Investing in new, emerging tech could make for a good long-term strategy to make sure your company stays relevant in the vague, uncharted high-tech future. Whether or not this means any short-term improvements in FedEx service remains to be seen, but a couple of ways that they could benefit from using a blockchain have already been suggested.
For example: By tracking shipments on a blockchain, FedEx can instantly settle any disputes about delays, errors, and other problems that could happen along the way. That’s because the blockchain ledger, which is shared by everyone on the network, can’t be altered by any one user, and the information on it is automatically shared with everyone.
But again, the ultimate problem with blockchain is a human one: While nobody could change the information on the ledger, someone could theoretically enter false information on a ledger, which is then distributed to everyone on that ledger (just because you have an unchangeable record of something doesn’t make that record true). As the old zen koan goes: If a package on the FedEx blockchain “falls off the truck,” was it ever there to begin with?
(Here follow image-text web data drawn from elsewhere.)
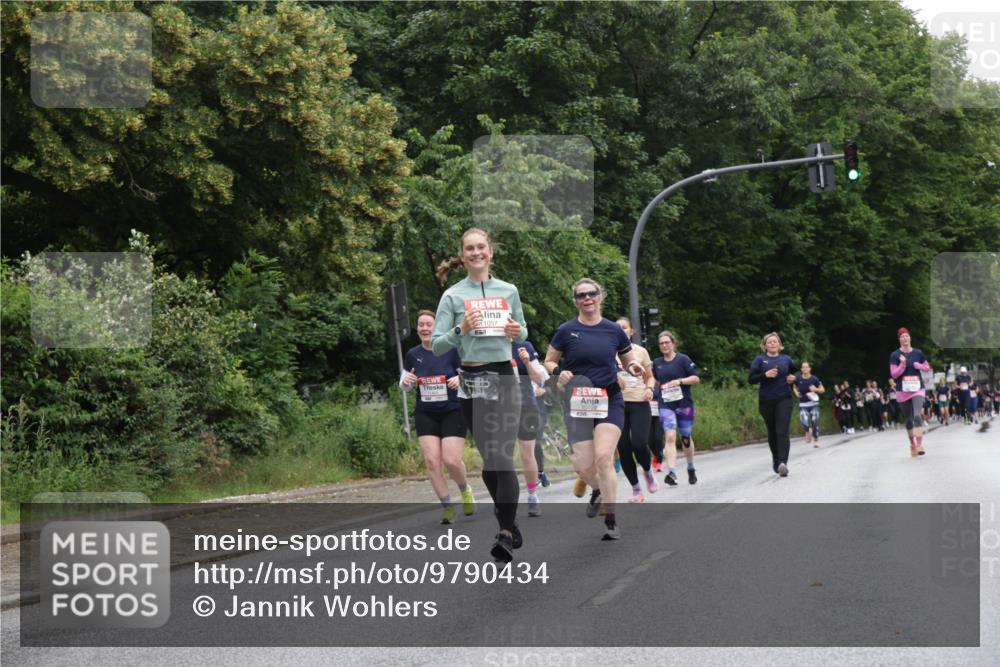 14.06.2026 - REWE Women's Run Jannik Wohlers http://msf.ph/oto/9790434 14.06.2026 10:04:09 Laufen 1057 meine-sportfotos.de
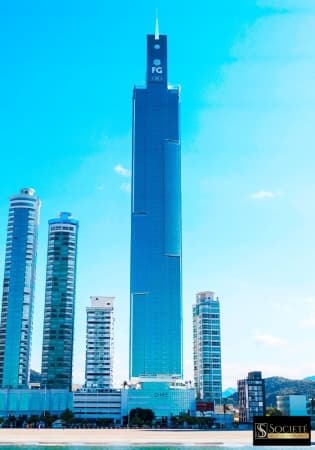 Apartamento Frente Mar à Venda no Edifício One Tower em Balneário Camboriú SCX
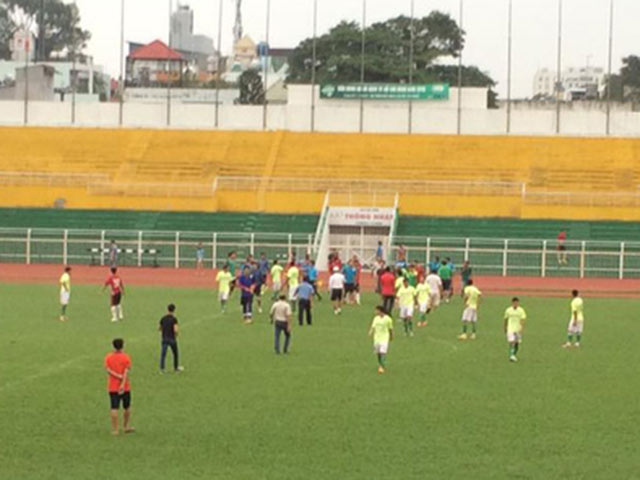 Bóng đá - Anh trai Quế Ngọc Hải bị đánh, trận giao hữu thành loạn đả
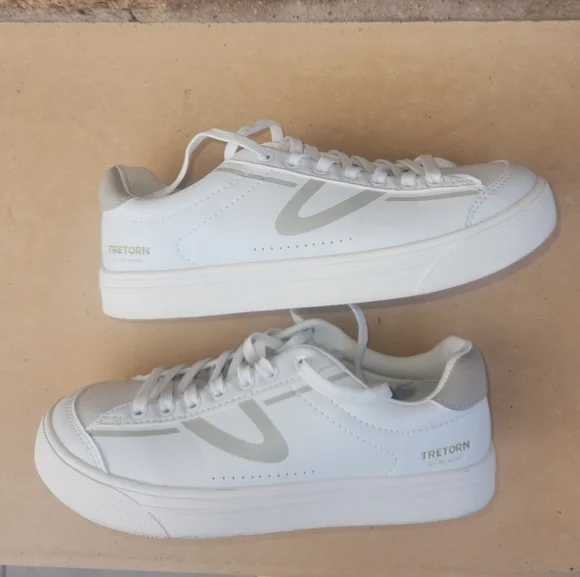 TRETORN White Sneakers - Picture 3 of 11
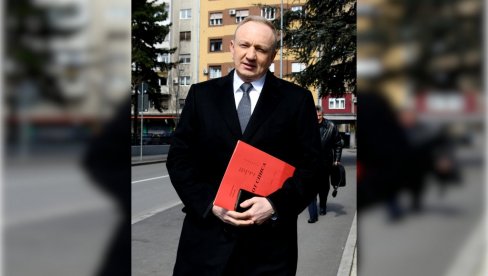 ЂИЛАСОВИ МИЛИОНИ ИДУ ПРЕД ТУЖИОЦА: Реакције поводом открића да је лидер ССП депоновао огроман новац на 53 рачуна у 17 држава ЂИЛАСОВИ МИЛИОНИ ИДУ ПРЕД ТУЖИОЦА: Реакције поводом открића да је лидер ССП депоновао огроман новац на 53 рачуна у 17 држава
Whatever the case may be, FedEx argues that using blockchain technology will lower costs and help everything run smoothly while also leveraging the company as more up-to-date than any competitors. The company is also investing in drone flights and new tracking devices, according to Bloomberg. Hopefully one involves a sting operation on the shady neighbor who keeps swiping your Blue Apron — that would be innovative shipping.